> [Dataset records]:
========================================
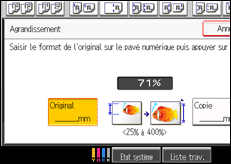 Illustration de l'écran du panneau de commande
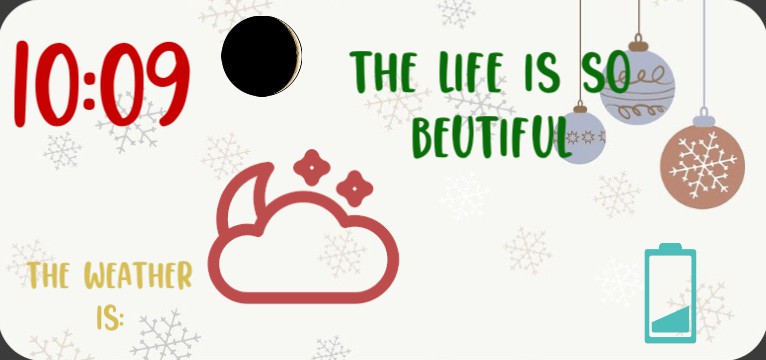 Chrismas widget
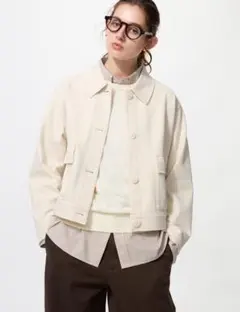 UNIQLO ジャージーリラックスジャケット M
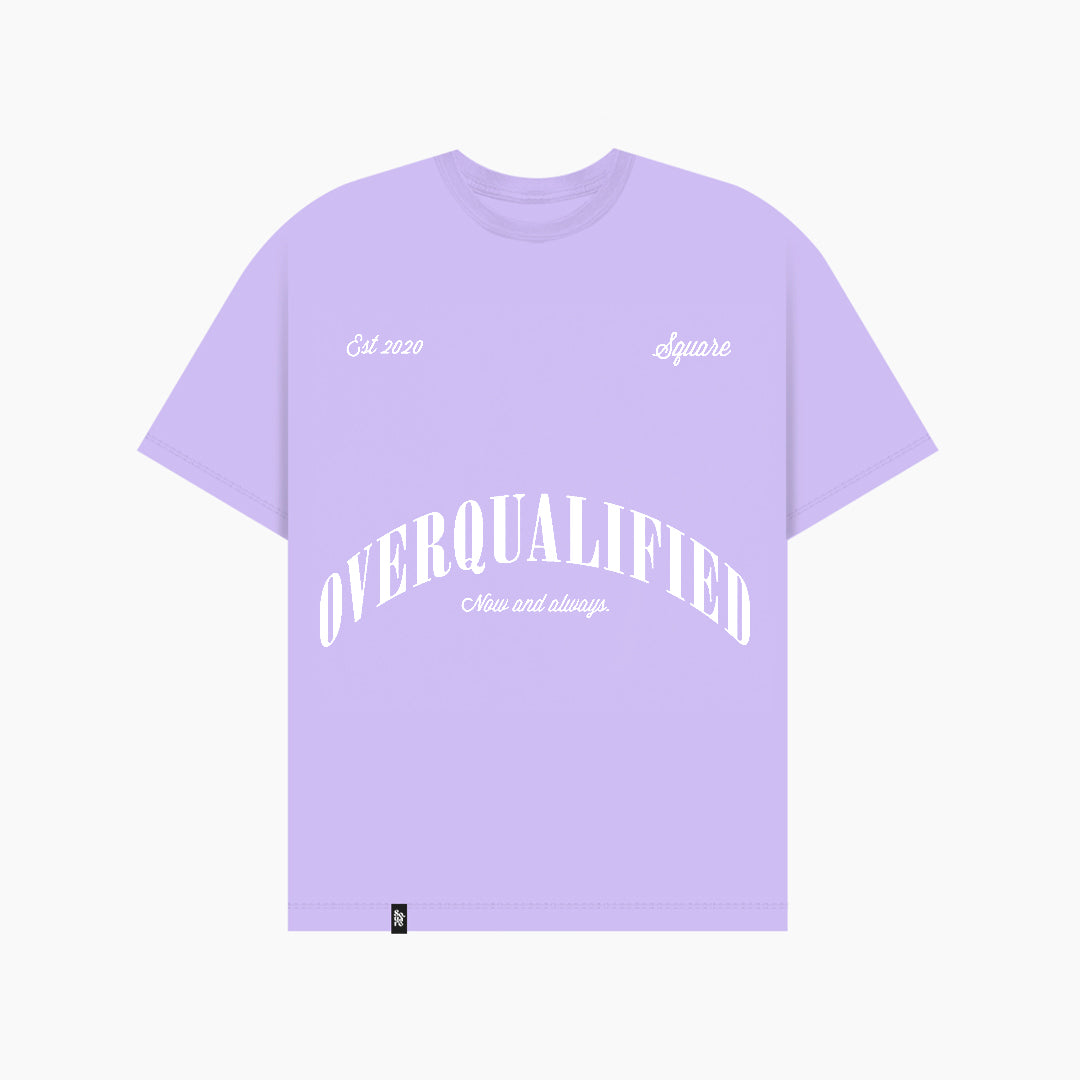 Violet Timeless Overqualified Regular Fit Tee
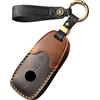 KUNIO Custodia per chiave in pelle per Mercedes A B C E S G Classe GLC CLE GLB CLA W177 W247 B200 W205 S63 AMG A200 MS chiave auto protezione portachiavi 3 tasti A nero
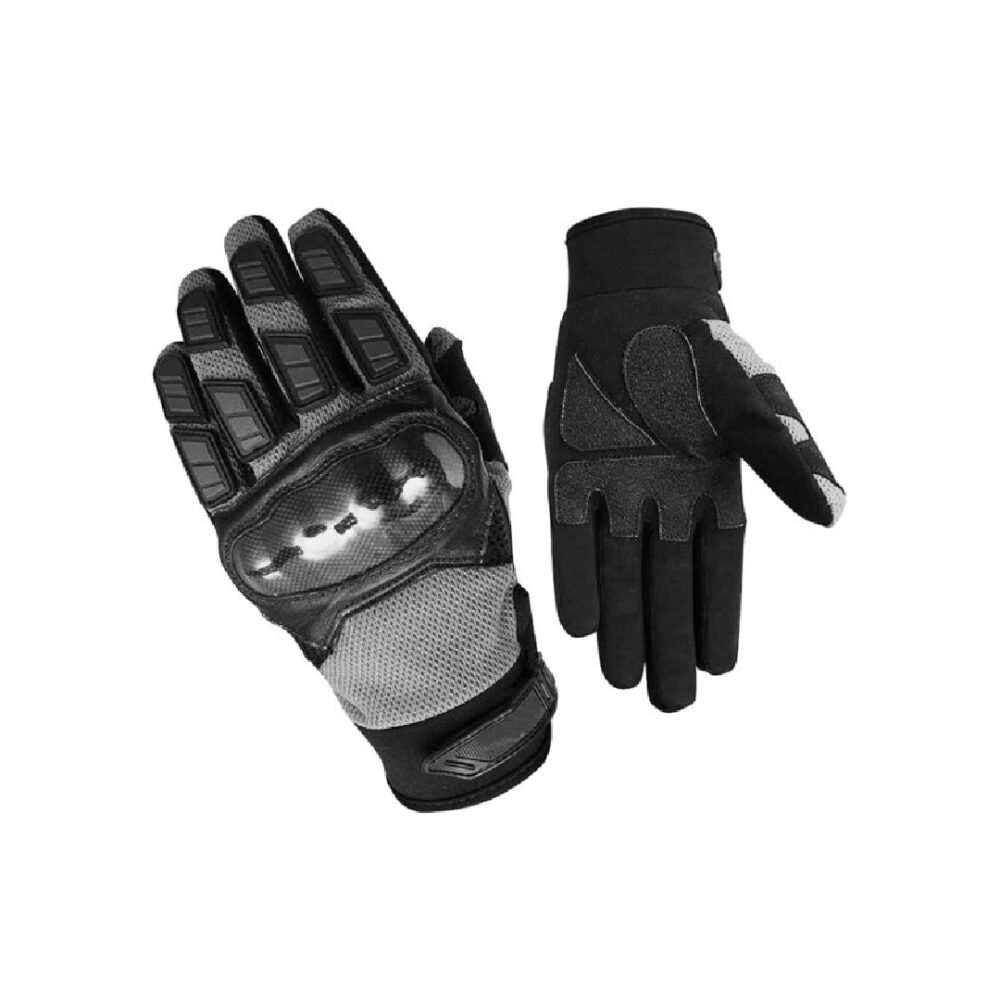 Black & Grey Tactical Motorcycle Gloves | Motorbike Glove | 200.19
========================================
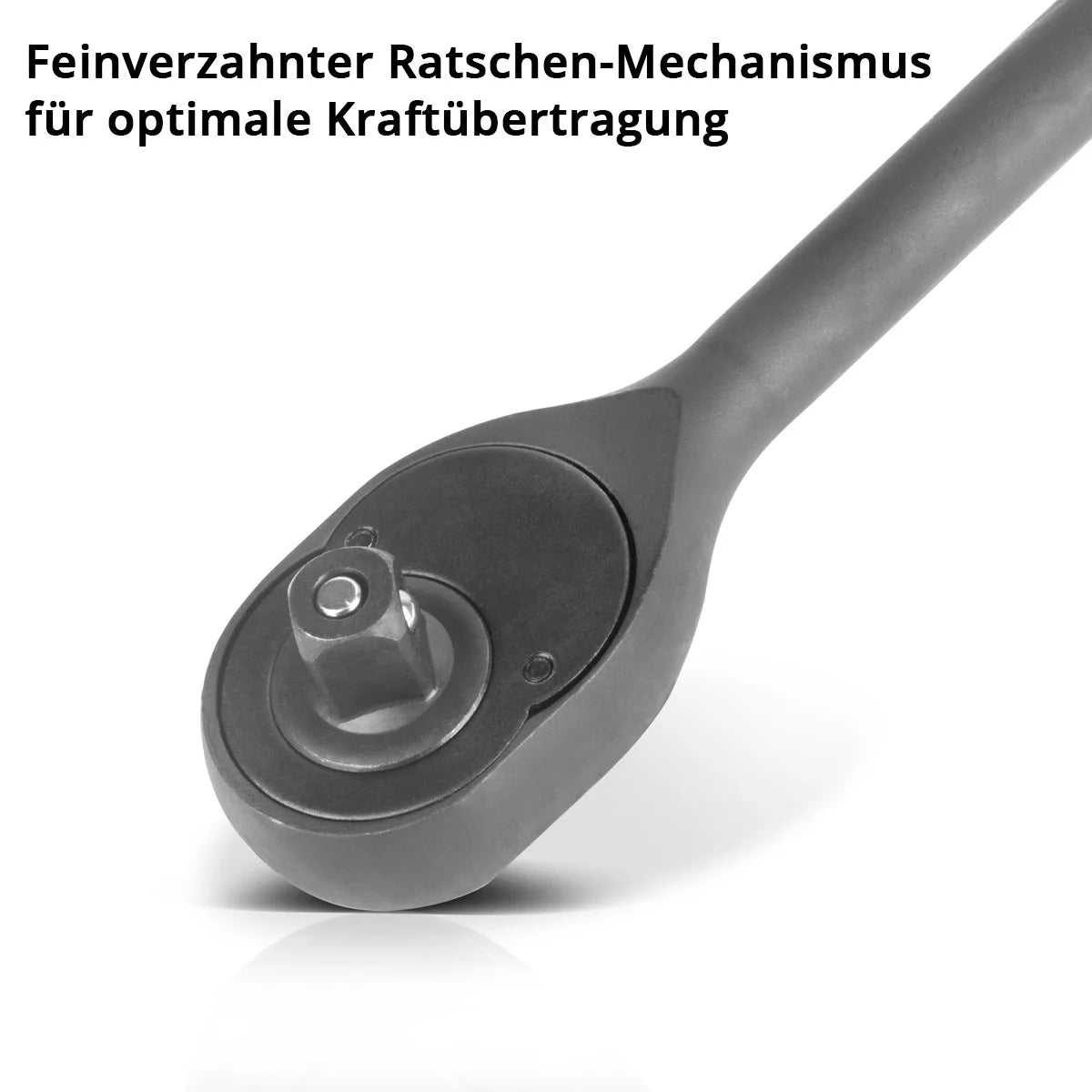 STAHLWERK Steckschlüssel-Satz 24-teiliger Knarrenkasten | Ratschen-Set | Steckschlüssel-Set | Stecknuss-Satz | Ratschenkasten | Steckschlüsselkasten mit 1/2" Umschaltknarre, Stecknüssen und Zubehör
========================================
> [Work task]:
If a picture sits between the line containing "Chrismas widget" and the line containing "Black & Grey", leave it out, and return the lines of that range above exactly, both ends included.

> [Result]:
 Chrismas widget
 UNIQLO ジャージーリラックスジャケット M
 Violet Timeless Overqualified Regular Fit Tee
 KUNIO Custodia per chiave in pelle per Mercedes A B C E S G Classe GLC CLE GLB CLA W177 W247 B200 W205 S63 AMG A200 MS chiave auto protezione portachiavi 3 tasti A nero
 Black & Grey Tactical Motorcycle Gloves | Motorbike Glove | 200.19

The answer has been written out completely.